--- DATA PROVIDED Enclosed Below ---

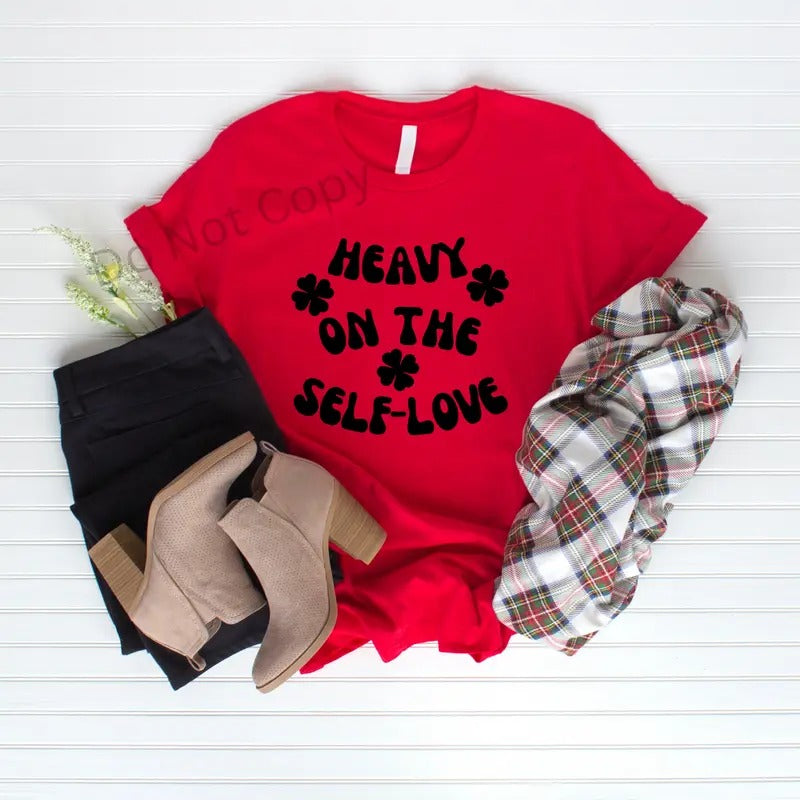 Heavy On the Self Love DTF Transfer ONLY -This is NOT a T Shirt Hoodie, Sweatshirt | TeeBloomCo.com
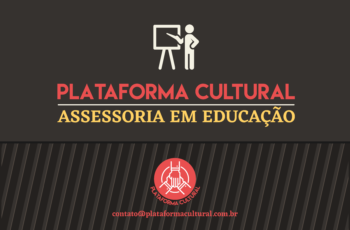 Plataforma Cultural: assessoria e consultoria em Educação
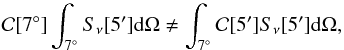 Mathematical equation: \appendix \setcounter{section}{3} \begin{equation} {\cal C} [7\deg] \int_{7\deg} S_\nu [5\arcm] {\rm d}\Omega \ne \int_{7\deg} {\cal C} [5\arcm] S_\nu[5\arcm] {\rm d}\Omega , \end{equation}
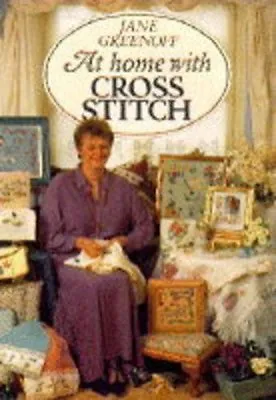 At Home With Cross Stitch By Jane Greenoff • £3.48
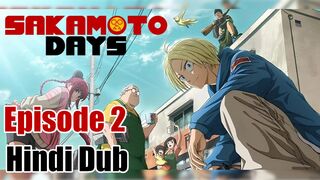 Sakamoto Days Episode 2 Full HD In Hindi Dub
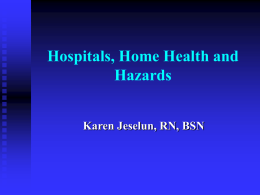 Hospitals, Home Health and Hazards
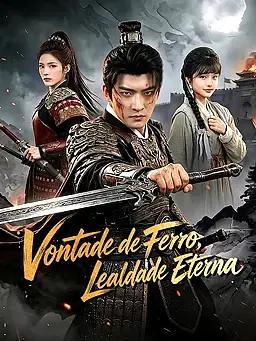 Vontade de Ferro, Lealdade Eterna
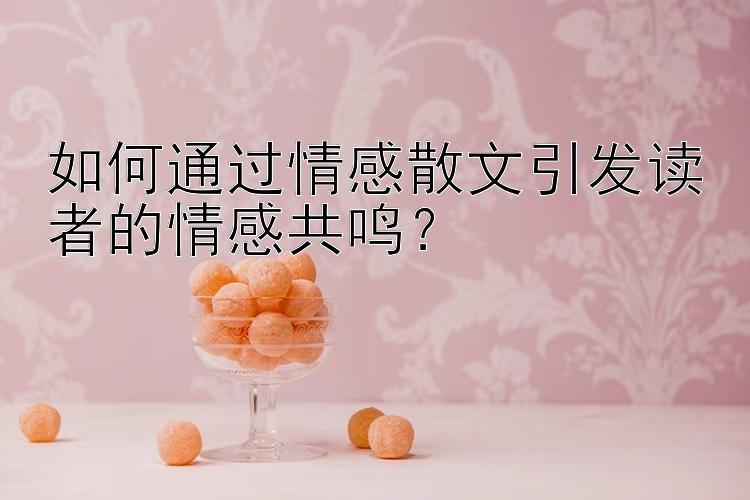 如何通过情感散文引发读者的情感共鸣？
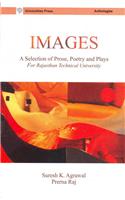 Images: A Selection Of Prose, Poetry And Plays
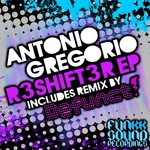 cover: Antonio Gregorio - R3shift3r EP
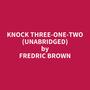 Couverture du livre Knock Three-One-Two (Unabridged) - BROWN FREDRIC - 9798350080940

--- End of Enclosed DATA PROVIDED ---

_AIM OF THE EXERCISE_. If the data includes images, omit them, and set down everything else exactly as above.

_ANSWER SECTION_.
 Heavy On the Self Love DTF Transfer ONLY -This is NOT a T Shirt Hoodie, Sweatshirt | TeeBloomCo.com
 Plataforma Cultural: assessoria e consultoria em Educação
 Mathematical equation: \appendix \setcounter{section}{3} \begin{equation} {\cal C} [7\deg] \int_{7\deg} S_\nu [5\arcm] {\rm d}\Omega \ne \int_{7\deg} {\cal C} [5\arcm] S_\nu[5\arcm] {\rm d}\Omega , \end{equation}
 At Home With Cross Stitch By Jane Greenoff • £3.48
 Sakamoto Days Episode 2 Full HD In Hindi Dub
 Hospitals, Home Health and Hazards
 Vontade de Ferro, Lealdade Eterna
 如何通过情感散文引发读者的情感共鸣？
 Images: A Selection Of Prose, Poetry And Plays
 cover: Antonio Gregorio - R3shift3r EP
 Couverture du livre Knock Three-One-Two (Unabridged) - BROWN FREDRIC - 9798350080940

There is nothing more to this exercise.